Saints

Paul, an apostle of Christ Jesus by the will of God, to the saints who are in Ephesus, and are faithful in Christ Jesus.

– Ephesians 1:1

So Paul opens his letter to the Ephesians, and to our modern ears this would seem like a polite introduction before launching into the masterpiece that is this epistle. Yet there is something hidden (to us) in this introduction that was a blessing and a scandal to those who read it.

Paul uses the word “saints” to describe the Ephesians. For many of us, this word poses a problem due to modern baggage that has been applied to the word “saint”. For many of us, the word conjures up a whiff of incense, or perhaps robes, martyrdom, cathedrals, or visions of medieval times. But to Paul’s readers, be they Jewish or Gentile, this word communicated something entirely different, and far more revolutionary.

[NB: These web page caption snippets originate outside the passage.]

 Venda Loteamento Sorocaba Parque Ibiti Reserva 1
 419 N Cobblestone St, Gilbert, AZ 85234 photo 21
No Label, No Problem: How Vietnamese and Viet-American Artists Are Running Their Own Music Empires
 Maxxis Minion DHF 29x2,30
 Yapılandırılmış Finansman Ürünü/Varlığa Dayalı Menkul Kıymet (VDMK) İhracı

R. Kent Hughes, in his book Ephesians – The Mystery of the Body of Christ, puts it this way:

[I]n the Greek translation of the Old Testament the people of Israel, and sometimes even the angels, were given the honored title “saints.” Therefore, as Marcus Barth explains, “By using the same designation . . . the author of Ephesians bestows upon all his pagan-born hearers a privilege formerly reserved for Israel, for special (especially priestly) servants of God, or for angels.” Applying the privileged word “saints” to pagan Greeks was mind-boggling to those with a Jewish background. Hebrew detractors considered it a rape of sacred vocabulary. But from the Christian perspective it was a fitting word to celebrate the miracle of God’s grace.

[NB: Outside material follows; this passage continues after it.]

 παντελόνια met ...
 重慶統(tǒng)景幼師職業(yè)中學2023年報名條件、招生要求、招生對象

The word is hagios in the Greek, and it means “holy and called out ones”. And here Paul is using this high word, in the past reserved only for God’s chosen people, the people of Israel, to address formerly pagan Gentiles! As Hughes states above, to many Jewish people of the time, this was “mind-boggling”.

The Gospel does this: it boggles the mind. We think of ourselves as being more tolerant than God, don’t we? I know I do at times. And yet there He goes, welcoming into the Kingdom those that I would never have given a chance! And He doesn’t distinguish levels of sainthood; He calls them saints too! Holy and called out ones, indeed, having been made holy by Christ’s atonement and called out to a life of service to the King.

Saints. This word, if you take the time to look at how it is used in Scripture, will kill “Us and Them” Christianity.

If you’ve been rescued by Jesus, there is no “Them” when it comes to your fellow rescue-ees, regardless of background, ethnicity, political beliefs, denomination, class, social status, sin-background, family dysfunction, or any other division you can come up with.

In Christ, it’s all “Us”.

2 thoughts on “Saints

  1. Thanks.

    Throughout Ephesians, Paul says things that are tremendously revolutionary regarding unity in Christ.

    I had this thought in bible study yesterday (and I may post on it) – it took a good 120 years (and counting) for race relations from the end of the civil war to modern times to become somewhat stable in America.

    The Gospel turned over the old, ancient enmity between Jew and Gentile in a space of 30 years or so.